In keeping with the disability movement’s mantra “Nothing about us without us,” involve individuals with disabilities in your efforts to address domestic and sexual violence, as you would with any effort to address issues in the lives of individuals with disabilities. If you’re working with people who have already disclosed experiences of domestic or sexual violence, get their input. If not, work with self advocates to build their knowledge about the issue and create opportunities for them to get involved in addressing it.
Resources You Can Use
- Guide For Starting Empowerment Groups. Illinois Imagines, a statewide collaboration of disability, sexual assault, and self-advocates, created this guide for self-advocates and allies to start empowerment groups for women with disabilities. It includes considerations for starting and facilitating a group and features a curriculum with 21 topics to address, including icebreakers, handouts, relevant information, and activities.
- Engaging Women with Disabilities in the Anti-Violence Movement PowerPoint.

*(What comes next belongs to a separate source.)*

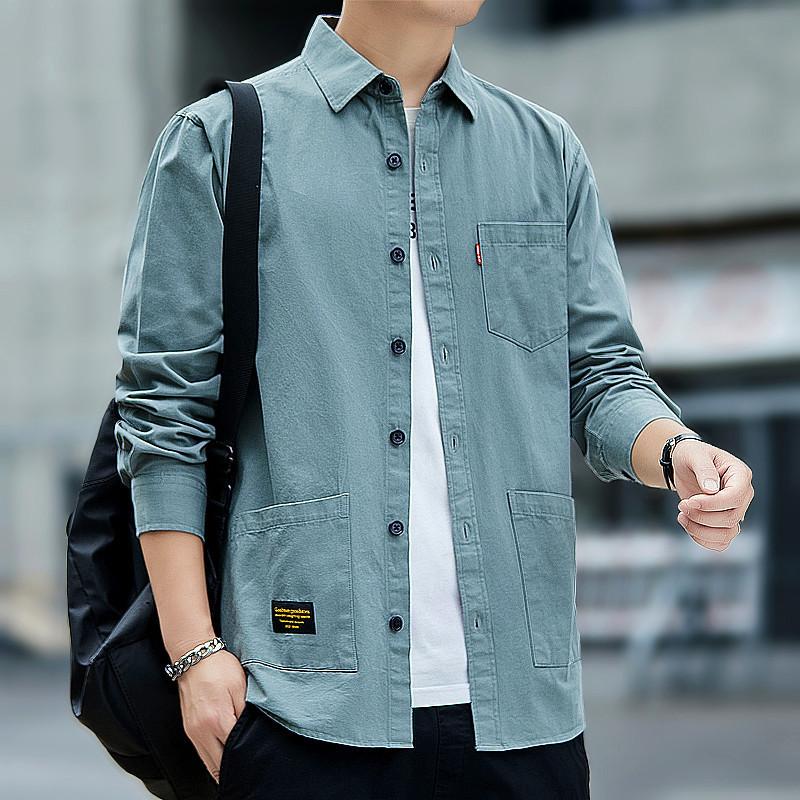 A generation of pure cotton washed long sleeve work shirt men's coat spring and autumn casual shirt men's clothing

Members of the Illinois Imagines collaboration created this PowerPoint presentation on involving women with disabilities in the movement to end domestic and sexual violence, including helpful tips on how to inquire about accommodations and ensure meaningful inclusion.
- Engaging People with Disabilities in the Needs Assessment Process. Another way to gather input from people with disabilities is to invite them to share their thoughts and impressions via focus groups or interviews. This document includes safety and access considerations, along with suggested focus group and interview questions.